____ Data for analysis
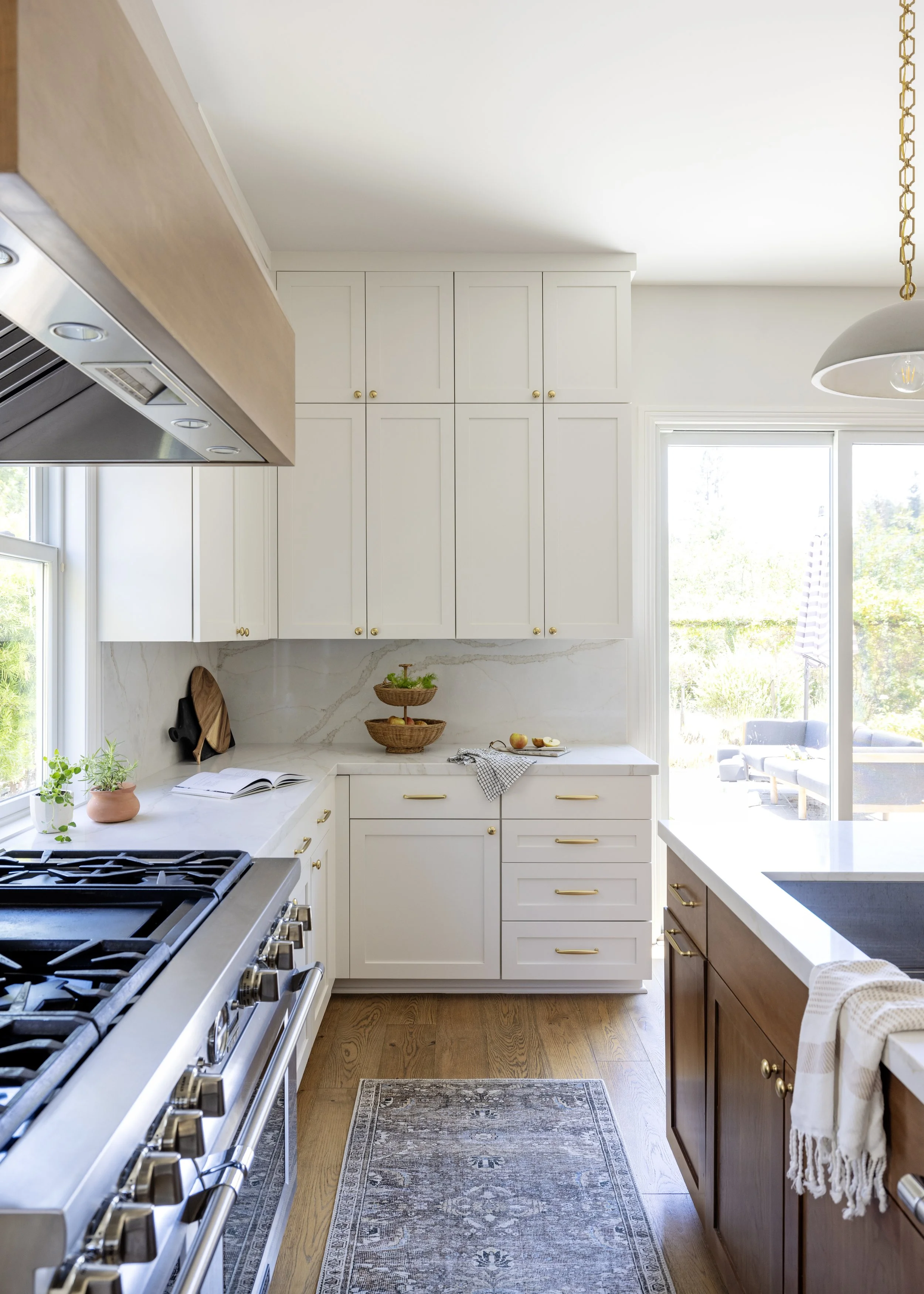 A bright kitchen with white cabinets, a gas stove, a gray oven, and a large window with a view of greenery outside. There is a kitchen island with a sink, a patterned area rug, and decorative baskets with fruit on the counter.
________
____ Data for analysis
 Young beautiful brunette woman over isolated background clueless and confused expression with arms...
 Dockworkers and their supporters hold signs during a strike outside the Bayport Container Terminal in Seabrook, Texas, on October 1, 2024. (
________
◆ What you need to do:
Reproduce the entries above exactly, but only the lines between the line holding "Young beautiful brunette" and the line holding "Dockworkers and their", inclusive.

◆ The completed task:
 Young beautiful brunette woman over isolated background clueless and confused expression with arms...
 Dockworkers and their supporters hold signs during a strike outside the Bayport Container Terminal in Seabrook, Texas, on October 1, 2024. (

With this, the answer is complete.